All the fields relating to fragmentation were removed because IPv6 takes a different approach to fragmentation. To start with, all IPv6-conformant hosts are expected to dynamically determine the datagram size to use. This rule makes fragmentation less likely to occur in the first place. Also, the minimum has been raised from 576 to 1280 to allow 1024 bytes of data and many headers. In addition, when a host sends an IPv6 packet that is too large, instead of fragmenting it, the router that is unable to forward it sends back an error message. This message tells the host to break up all future packets to that destination. Having the host send packets that are the right size in the first place is ultimately much more efficient than having the routers fragment them on the fly. Finally, the Checksum field is gone because calculating it greatly reduces performance. With the reliable networks now used, combined with the fact that the data link layer and transport layers normally have their own checksums, the value of yet another checksum was not worth the performance price it extracted. Removing all these features has resulted in a lean and mean network layer protocol. Thus, the goal of IPv6—a fast, yet flexible, protocol with plenty of address space—has been met by this design.

Extension Headers Some of the missing IPv4 fields are occasionally still needed, so IPv6 has introduced the concept of an (optional) extension header. These headers can be supplied to provide extra information, but encoded in an efficient way. Six kinds of extension headers are defined at present, as listed in Fig. 5-69. Each one is optional, but if more than one is present, they must appear directly after the fixed header, and preferably in the order listed.

Figure 5-69. IPv6 extension headers.

Some of the headers have a fixed format; others contain a variable number of variable-length fields. For these, each item is encoded as a (Type, Length, Value) tuple. The Type is a 1-byte field telling which option this is. The Type values have been chosen so that the first 2 bits tell routers that do not know how to process the option what to do. The choices are: skip the option; discard the packet; discard the packet and send back an ICMP packet; and the same as the previous one, except do not send ICMP packets for multicast addresses (to prevent one bad multicast packet from generating millions of ICMP reports). The Length is also a 1-byte field. It tells how long the value is (0 to 255 bytes). The Value is any information required, up to 255 bytes. The hop-by-hop header is used for information that all routers along the path must examine. So far, one option has been defined: support of datagrams exceeding 64K. The format of this header is shown in Fig. 5-70. When it is used, the Payload length field in the fixed header is set to zero.
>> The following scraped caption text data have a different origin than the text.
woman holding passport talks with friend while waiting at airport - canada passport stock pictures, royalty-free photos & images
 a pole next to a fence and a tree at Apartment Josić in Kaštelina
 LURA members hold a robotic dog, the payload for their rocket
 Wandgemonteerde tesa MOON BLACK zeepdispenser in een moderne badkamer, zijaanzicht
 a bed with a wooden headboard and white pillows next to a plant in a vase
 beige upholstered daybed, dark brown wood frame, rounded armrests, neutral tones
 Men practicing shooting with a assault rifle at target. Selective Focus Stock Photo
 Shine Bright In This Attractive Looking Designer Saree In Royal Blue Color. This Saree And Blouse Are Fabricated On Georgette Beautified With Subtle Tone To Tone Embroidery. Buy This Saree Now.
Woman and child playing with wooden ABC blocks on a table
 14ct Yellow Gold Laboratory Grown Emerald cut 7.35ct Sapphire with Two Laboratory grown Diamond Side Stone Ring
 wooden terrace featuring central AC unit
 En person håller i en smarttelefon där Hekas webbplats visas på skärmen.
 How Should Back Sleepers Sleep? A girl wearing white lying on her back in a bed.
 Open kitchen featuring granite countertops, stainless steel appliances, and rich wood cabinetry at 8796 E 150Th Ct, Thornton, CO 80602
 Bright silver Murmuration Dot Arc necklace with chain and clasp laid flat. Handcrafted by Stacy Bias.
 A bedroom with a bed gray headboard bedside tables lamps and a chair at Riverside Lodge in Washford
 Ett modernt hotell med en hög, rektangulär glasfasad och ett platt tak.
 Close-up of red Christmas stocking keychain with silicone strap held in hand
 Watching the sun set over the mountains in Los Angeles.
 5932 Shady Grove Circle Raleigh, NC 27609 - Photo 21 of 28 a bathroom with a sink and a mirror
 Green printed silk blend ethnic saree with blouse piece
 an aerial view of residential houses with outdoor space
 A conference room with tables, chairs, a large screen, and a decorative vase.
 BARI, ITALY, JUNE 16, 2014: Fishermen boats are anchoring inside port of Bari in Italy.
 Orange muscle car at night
Figure 5-70. The hop-by-hop extension header for large datagrams (jumbograms).

As with all extension headers, this one starts out with a byte telling what kind of header comes next. This byte is followed by one telling how long the hop-by-hop header is in bytes, excluding the first 8 bytes, which are mandatory. All extensions begin this way. The next 2 bytes indicate that this option defines the datagram size (code 194) and that the size is a 4-byte number. The last 4 bytes give the size of the datagram. Sizes less than 65,536 bytes are not permitted and will result in the first router discarding the packet and sending back an ICMP error message. Datagrams using this header extension are called jumbograms. The use of jumbograms is important for supercomputer applications that must transfer gigabytes of data efficiently across the Internet. The destination options header is intended for fields that need only be interpreted at the destination host. In the initial version of IPv6, the only options defined are null options for padding this header out to a multiple of 8 bytes, so initially it will not be used. It was included to make sure that new routing and host software can handle it, in case someone thinks of a destination option some day. The routing header lists one or more routers that must be visited on the way to the destination. It is very similar to the IPv4 loose source routing in that all addresses listed must be visited in order, but other routers not listed may be visited in between. The format of the routing header is shown in Fig. 5-71.

Figure 5-71. The extension header for routing.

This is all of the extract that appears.